#### DESCRIPTION OF THE TASK:
Write out exactly the lines from the one containing "للتواصل ‭***********" through the last line of the records below, and no others.

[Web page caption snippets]
Segment Open

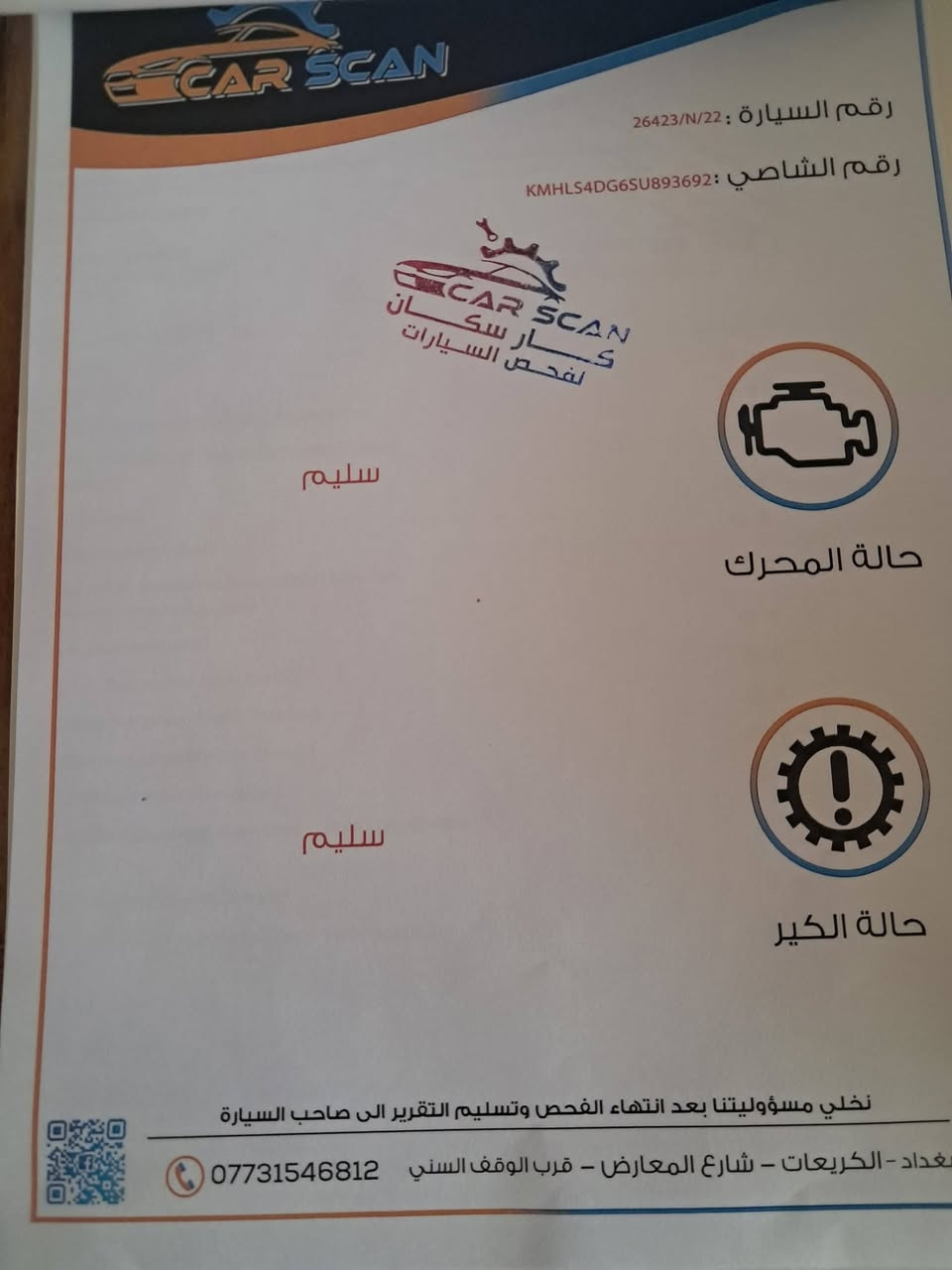 السلام عليكم 
النترا وارد أمريكي دخول جديد رقم وهزة جديد 🛑 اللون أسود 🛑
رقم  اربيل موديل 2025 🛑
ماشية 19 
فول السيارة 🛑
فتحة سقف 🛑
ويل كب ١٧ 🛑
تحكم بالمقود وتحديد مسار 🛑ورادارات 🛑
شاشة متصلة  🛑
اوتو هولد 🛑 سايد بريك كهربائي 
بس بيها شغله وحده مرات تبريد يفصل من يصير ازدحام  ماعرف سبب ❄️ 
موجوده صور الحادث جاملغ و بنيد  و السونار 
مكان السيارة بغداد /الشعب 
للتواصل ‭***********  
سعر السيارة 155 وبيها مجال علما السيارة بأسمنا مو شركة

Segment Closed

#### FINISHED EXERCISE:
للتواصل ‭***********  
سعر السيارة 155 وبيها مجال علما السيارة بأسمنا مو شركة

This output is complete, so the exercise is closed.